* **Information supplied**

-- -- --

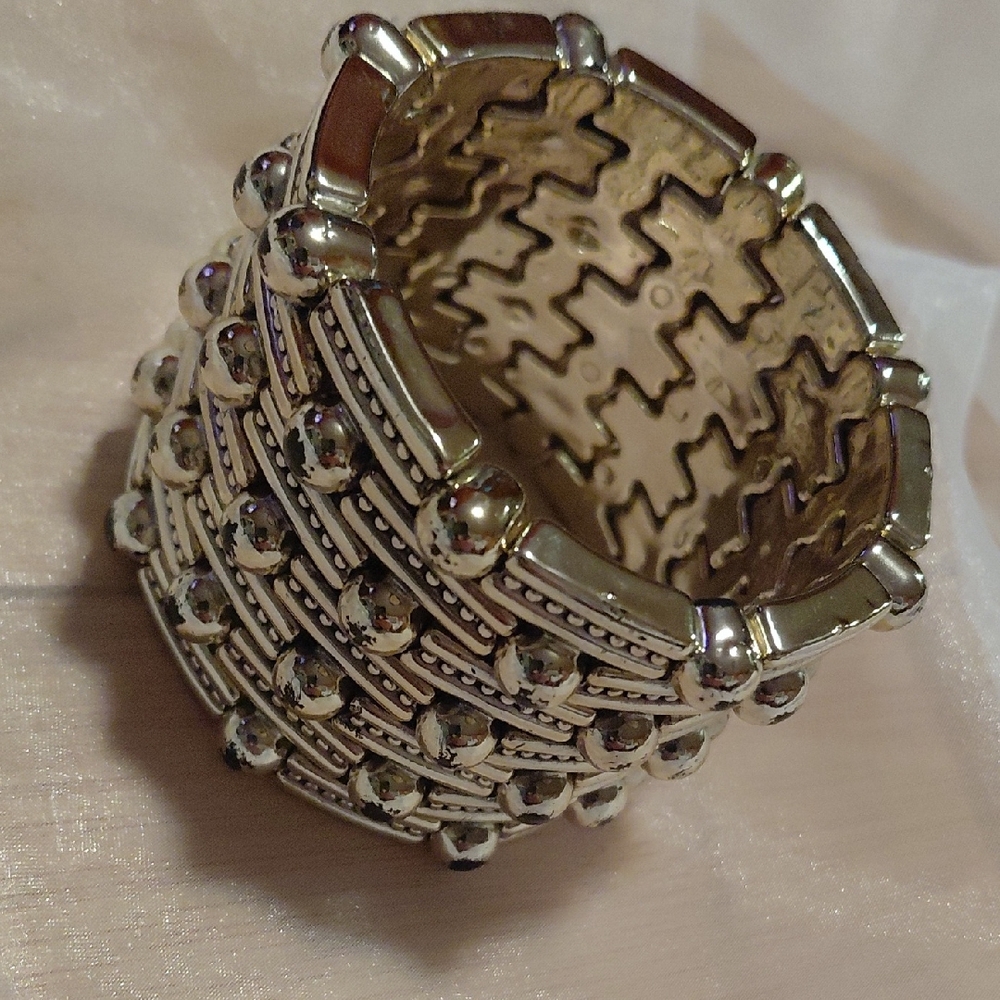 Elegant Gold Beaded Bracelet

-- -- --

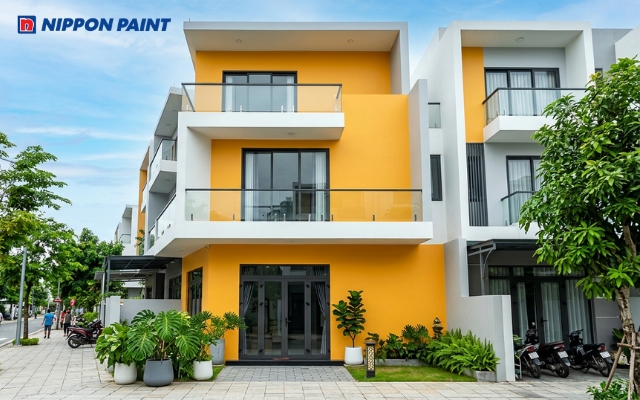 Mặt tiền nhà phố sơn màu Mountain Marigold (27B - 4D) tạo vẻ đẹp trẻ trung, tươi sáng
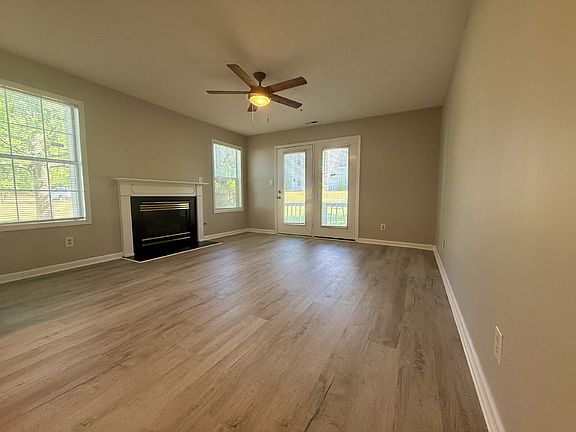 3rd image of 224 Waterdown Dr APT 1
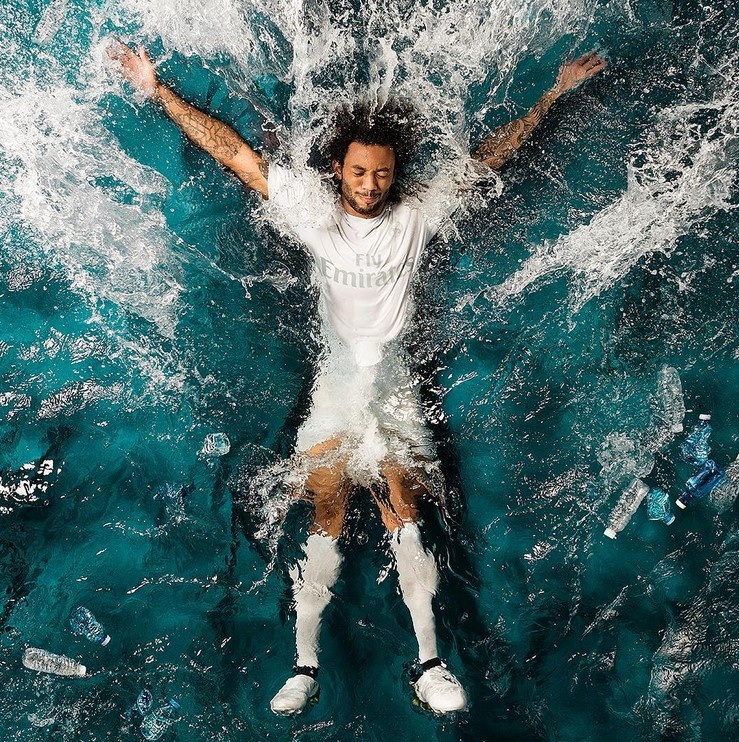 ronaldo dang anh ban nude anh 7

-- -- --

* **Problem description**
From the records above, copy exactly the stretch from the line holding "3rd image of 224 Waterdown Dr APT 1" through the line holding "ronaldo dang anh ban nude anh 7", both ends included, without the pictures.

* **Answer space**
 3rd image of 224 Waterdown Dr APT 1
 ronaldo dang anh ban nude anh 7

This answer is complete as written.